Availability of frequencies is crucial for Mobile TV. Each country faces its own opportunities and challenges. Should a given frequency band be assigned to operators for traditional television broadcasting, for mobile services in general or for Mobile TV? When should such frequencies be assigned? Should it be now or is waiting for more technological advances advisable? Is there sufficient spectrum to assign to several operators? These and many other questions arise when determining whether there are available frequencies for Mobile TV in a given country.

2. Digital switchover. Availability of spectrum for Mobile TV is linked to the so called digital switchover. The digital switchover refers to the transition from analogue television signals to digital television signals. Television had been broadcast (and is still broadcast in the majority of countries) through analog signals. People have analog television devices, and the broadcasters have analog networks deployed. Therefore, the deployment of new digital television networks and the acquisition of digital television devices by people will not occur overnight.

Governments have to implement a plan for a transition period where both analogue television signals and digital television signals are simultaneously transmitted. Consequently, governments have granted a “mirror” channel for providing digital television during the transition. For example, broadcaster ABC has had channel 2 for several decades whereby it transmits content through analogue signals. In the digital transition, broadcaster ABC receives channel 55 as a “mirror” channel, where it will broadcast the same content as on channel 2, but with digital signals. Once the digital switchover or the transition period is over, broadcaster ABC will only broadcast content through one of the channels and using digital signals, and will return to its government the other channel it had been granted. This is called the analog switch off.
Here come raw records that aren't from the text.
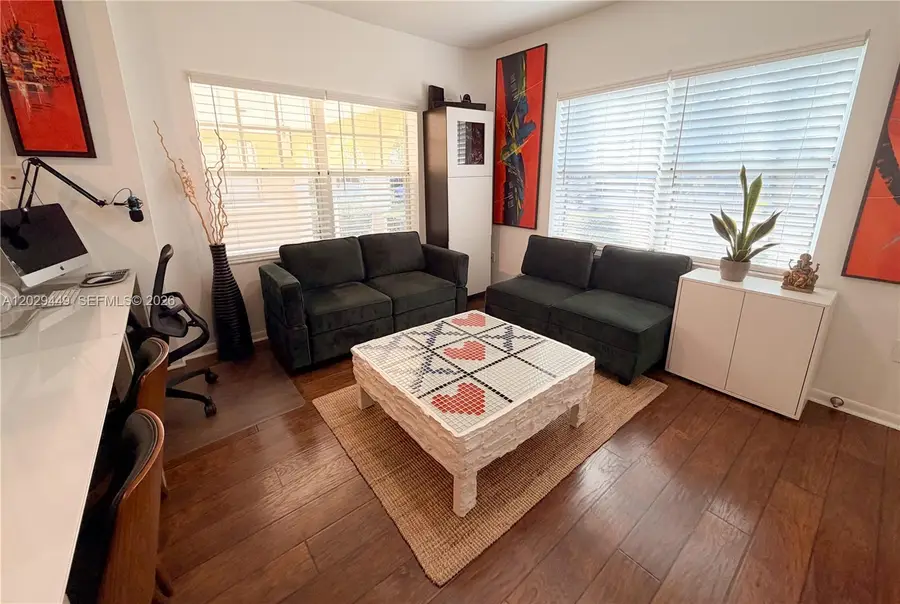 1255 Pennsylvania Avenue #117, Miami Beach, FL 33139 - #3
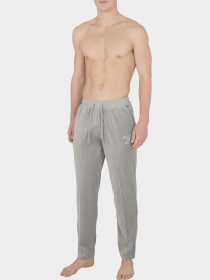 Брюки Emporio Armani модель 112058-3F589-05543 Фото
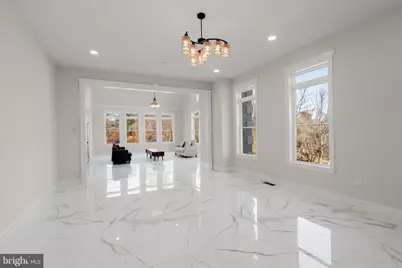 5004 Ten Oaks Road, Clarksville, MD 21029 - Photo 18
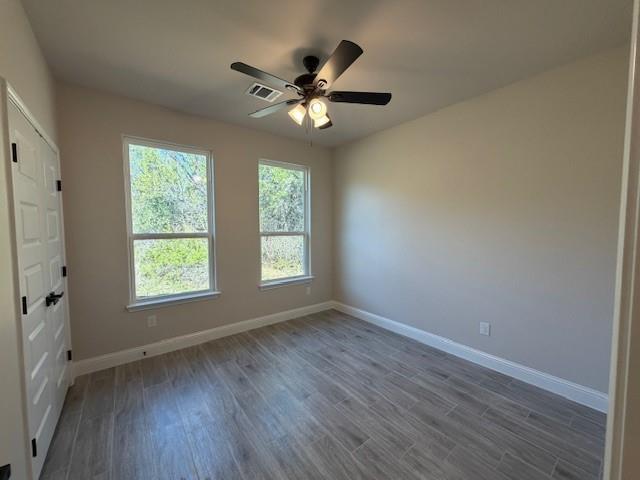 Building Photo - 5206 Stoneridge Dr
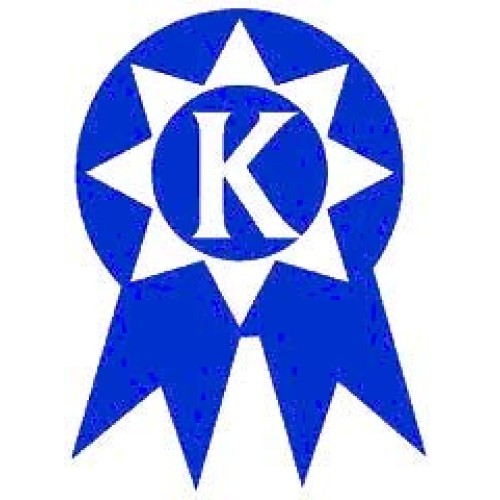 Wild Jo: 36 Cup Organic Dark French Roast Single Serve Coffee Fo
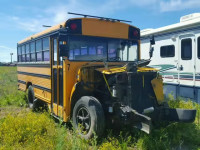 1988 INTERNATIONAL S-SERIES 1 1HVLNZRM4JH612532
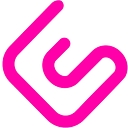 GrayMatter Robotics logo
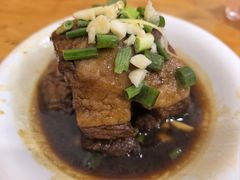 -福祥厦门小馆(舟孟北路店)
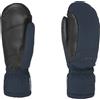 LEVEL FLAMES MITT Muffole da Sci da Donna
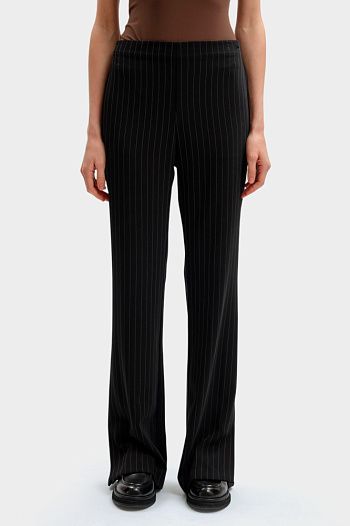 Брюки Armani Exchange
With the analog television switch off, there will be available spectrum that may be used for Mobile TV. Specially, considering that channels 52 to 69 (700 MHz) are on frequencies that are deemed appropriate to provide Mobile TV. Once again, each country has its own opportunities and challenges. In some countries or regions within them, perhaps there is currently no availability of frequencies in channels 52 to 69, so the digital switchover represents a real opportunity. In other countries, even if there is no occupation of those channels, the economic situation and otherwise insufficient telecommunication infrastructure might trigger public policy not directed to Mobile TV, but to broadband deployment. In summary, the digital switchover and the digital dividend will have an impact on some countries for promoting Mobile TV, whereas in others the digital switchover will make no difference for Mobile TV.

C. User´s equipment

The user equipment can be cellular phones, laptops, PDAs (Personal Digital Assistants), televisions in cars, among others. Despite the fact that there are many types of those devices from several different manufacturers, not all of them will be suitable for Mobile TV. Such equipment was designed without considering Mobile TV, which in turn will require further adaptation as to the screen size, battery power (e.g., video services would consume more battery power than voice or data transmissions), different frequencies receiver/tuners (e.g., broadcast Mobile TV may be on the 700 MHz band, whereas Mobile TV through cellular networks could use the 800 MHz, 900 MHz or 1.9 GHz bands). Moreover, depending on the technology that is adopted for Mobile TV, the hardware and software may differ for the broadcasting networks, and for cellular networks and the technologies will have to be modified to provide Mobile TV.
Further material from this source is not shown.